▸ **Your goal**
What the task requires is an exact printout of the listing below, pictures excluded.

▸ **Material provided**
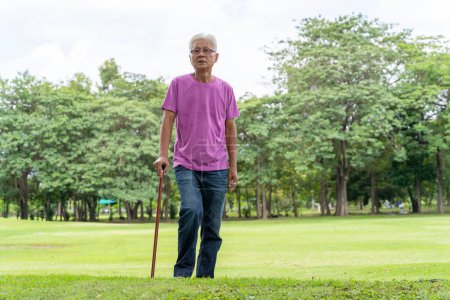 Vollständige Profilaufnahme eines älteren Mannes, der mit einem Stock in einem Park spaziert. Ein älterer Mann mit Gehstock steht in einem öffentlichen Park. Seniorenkonzept.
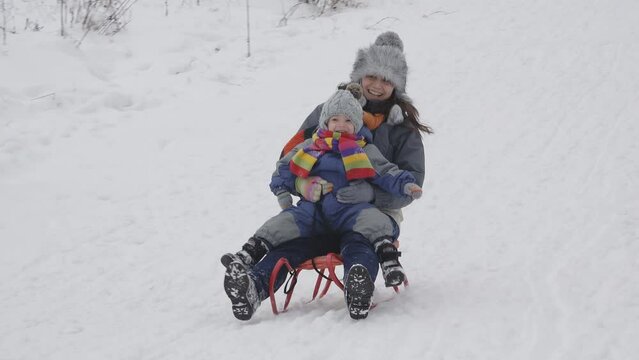 Young mother and happy child on sleigh sliding on snow slope in winter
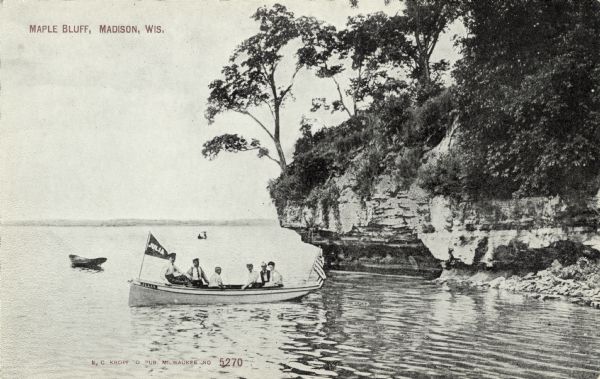 View across water towards a small boat named "Julia" at Maple Bluff (Lake Mendota) with six people in it. Caption reads: "Maple Bluff, Madison, Wis."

▸ **Output**
 Vollständige Profilaufnahme eines älteren Mannes, der mit einem Stock in einem Park spaziert. Ein älterer Mann mit Gehstock steht in einem öffentlichen Park. Seniorenkonzept.
 Young mother and happy child on sleigh sliding on snow slope in winter
 View across water towards a small boat named "Julia" at Maple Bluff (Lake Mendota) with six people in it. Caption reads: "Maple Bluff, Madison, Wis."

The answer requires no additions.